[EXERCISE INPUTS]
* * *
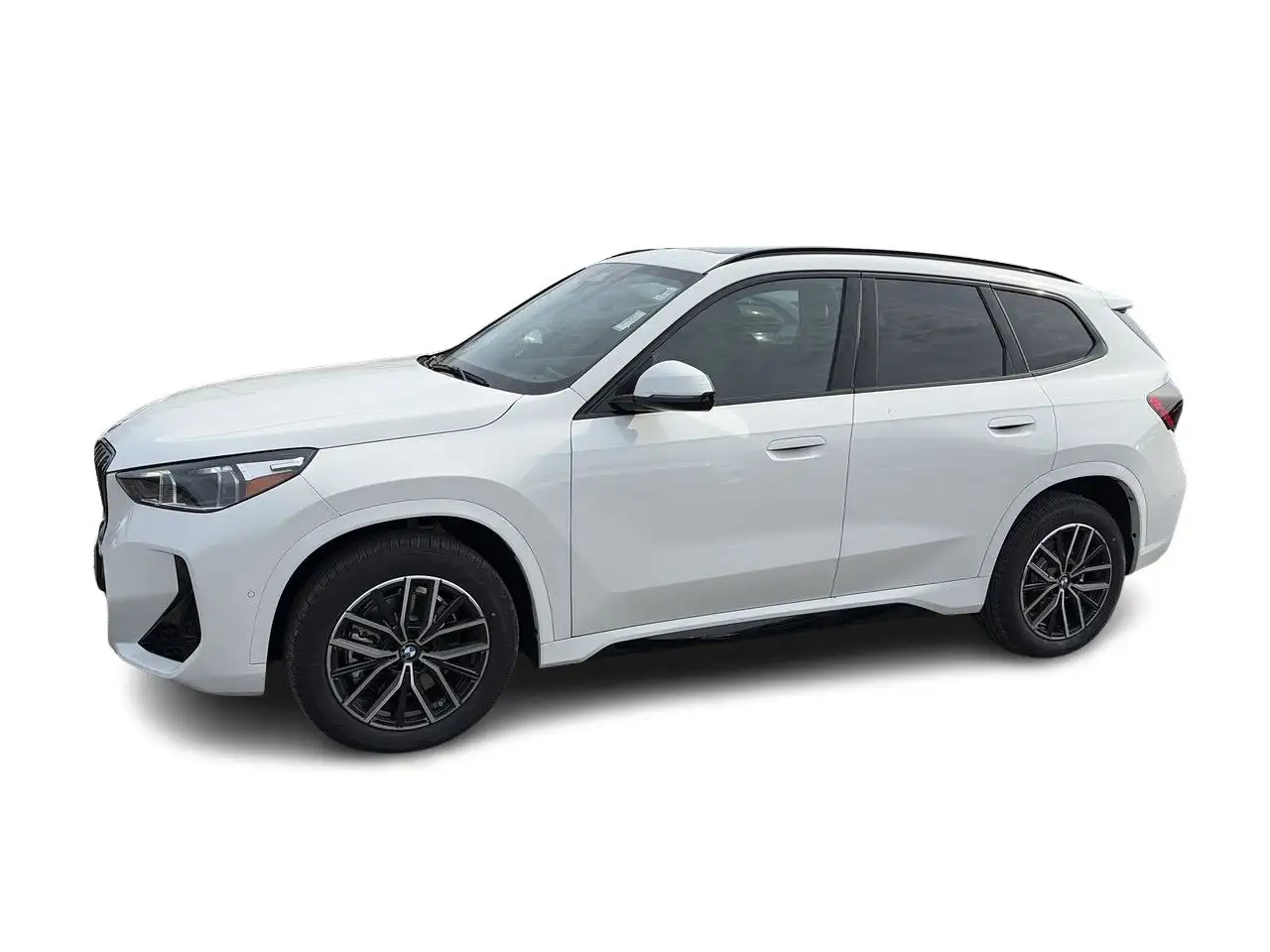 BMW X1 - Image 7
* * *
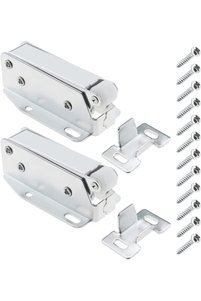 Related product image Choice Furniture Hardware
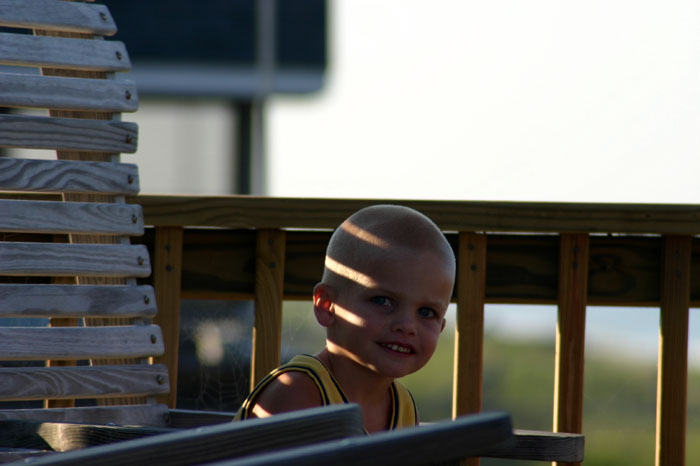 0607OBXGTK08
* * *
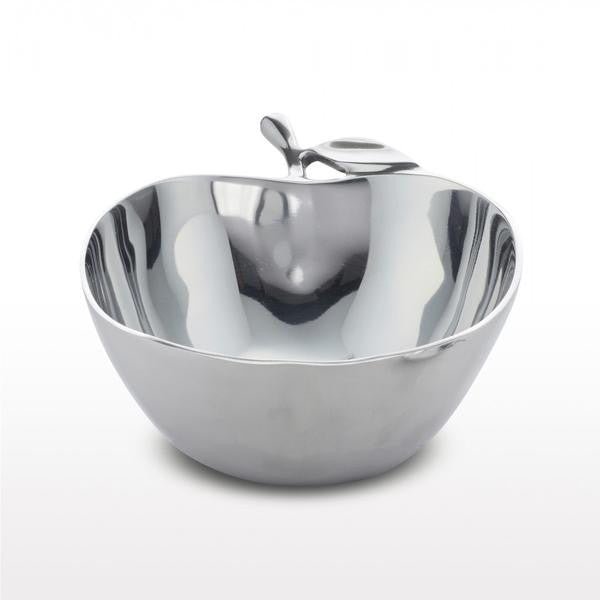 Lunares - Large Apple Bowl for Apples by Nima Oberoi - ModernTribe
* * *
Nothing but the lines from the one with "Related product image" up to and including the one with "0607OBXGTK08" should be printed, exactly as they read above. Please keep the pictures out.

 Related product image Choice Furniture Hardware
 0607OBXGTK08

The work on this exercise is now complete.